If you’ve ever wondered why Tee and Leo weren’t the co-champs in 1980, that’s back before world heading and heeling champs were crowned separately, so there were at times lone titlists in the tandem event. Tee was the Lone Ranger in the 1982 gold buckle, too, beating partner Leo by just $129. Woolman earned his third world championship alongside his heeler, Bobby Harris, in 1991, with the exact same earnings. The $1,337 difference between Tee and The Lion in 1980 was due to the go-twice factor that fall.
“I was actually a little behind Leo,” Tee recalls. “Mike chartered a plane to fly into St. George, Utah, got there just in time to get on a horse and rope, and we won it. That’s when I passed Leo.
“Leo and a palomino horse named Doc are the biggest reasons I won the world my rookie year. Leo took care of all the business. He knew where to go, how to get there, when and why. All I had to do was get on and rope, and I knew how to rope.”

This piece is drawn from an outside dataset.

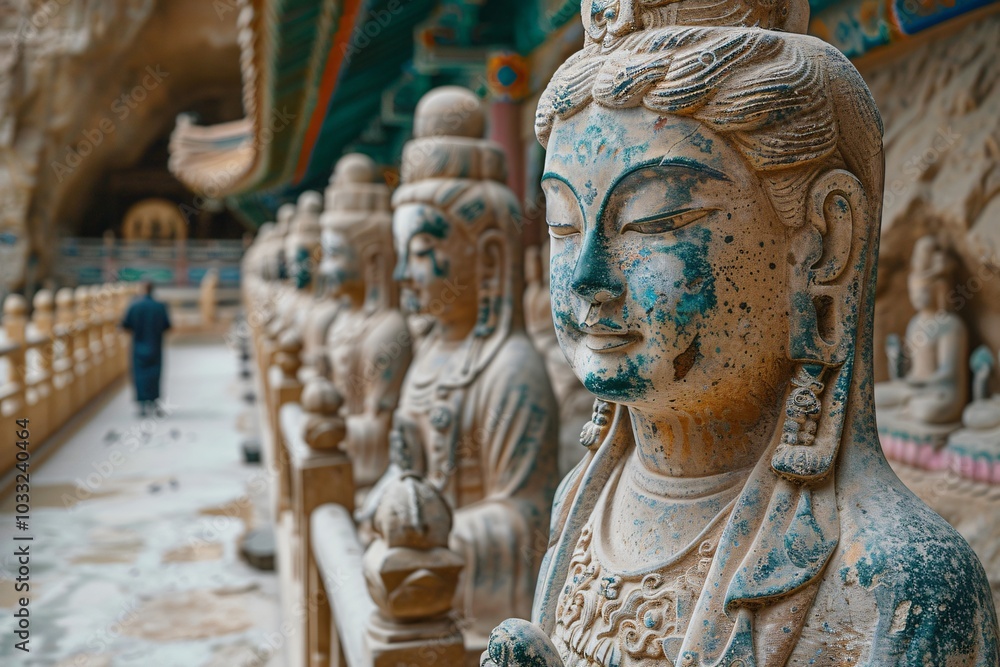 Ancient Dunhuang Mogao Caves, Sacred Buddhist Art and Cultural Heritage in China’s Grottoes Ancient Dunhuang Mogao Caves, Sacred Buddhist Art and Cultural Heritage in China’s Grottoes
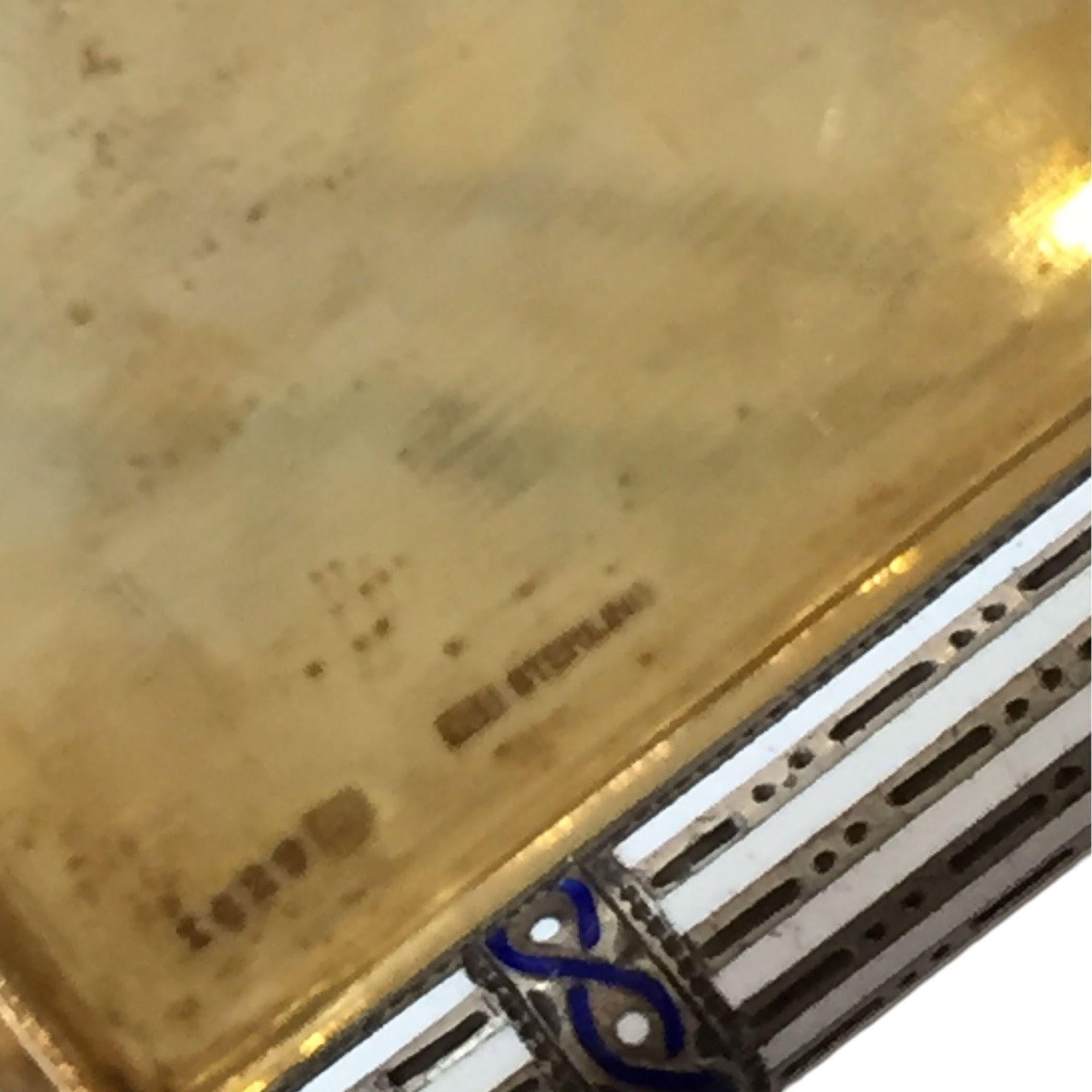 Astuccio in argento Sterling Art Deco di Aage Hjalmer Steenberg, Danimarca, 1934 in vendita 3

Tee says it would be a lot tougher to win the world as a rookie now, in large part because so many of the bigger rodeos have limited entries based on previous earnings.
“It’s hard to get entered in a lot of rodeos now, if you haven’t been around the block before,” explained Woolman, who with Leo also set the 10-steer NFR average record in 1980, with 98.7 in 10 rounds. “The limits on the rodeos today make it a lot harder to hit the ground running.”
TeeSquantnee Claude Woolman’s list of in-arena achievements is long and impressive. With 45 National Finals qualifications—he’s team roped at the NFR 26 times, and made 19 National Finals Steer Roping appearances—Tee’s second only to Trevor Brazile at 50 in the most-ever Finals category. Tee’s won six National Finals averages—five in the team roping and the 1998 NFSR title—and also owns the 1985 and ’95 National Finals all-around saddles.
But it’s the gold buckle dated the same as his rookie buckle that ranks above all the rest on the self-satisfaction scale for Tee.
“That’s at the top,” he said. “Only five other people have ever done it. And that was one of my goals when I set out to rope for a living. The only downfall for me about it was I thought once you won the world, you were good to go for the rest of your life. I was 24 years old and seeing the bright lights for the first time.
“When I won almost $50,000 ($49,983, to be exact) that first year, it shattered the existing team roping earnings record by almost double. Looking back, I think the one thing no young guy ever really gets going in is that a week after you win the world you bail back into that truck and take off and go again. Most people don’t understand that.”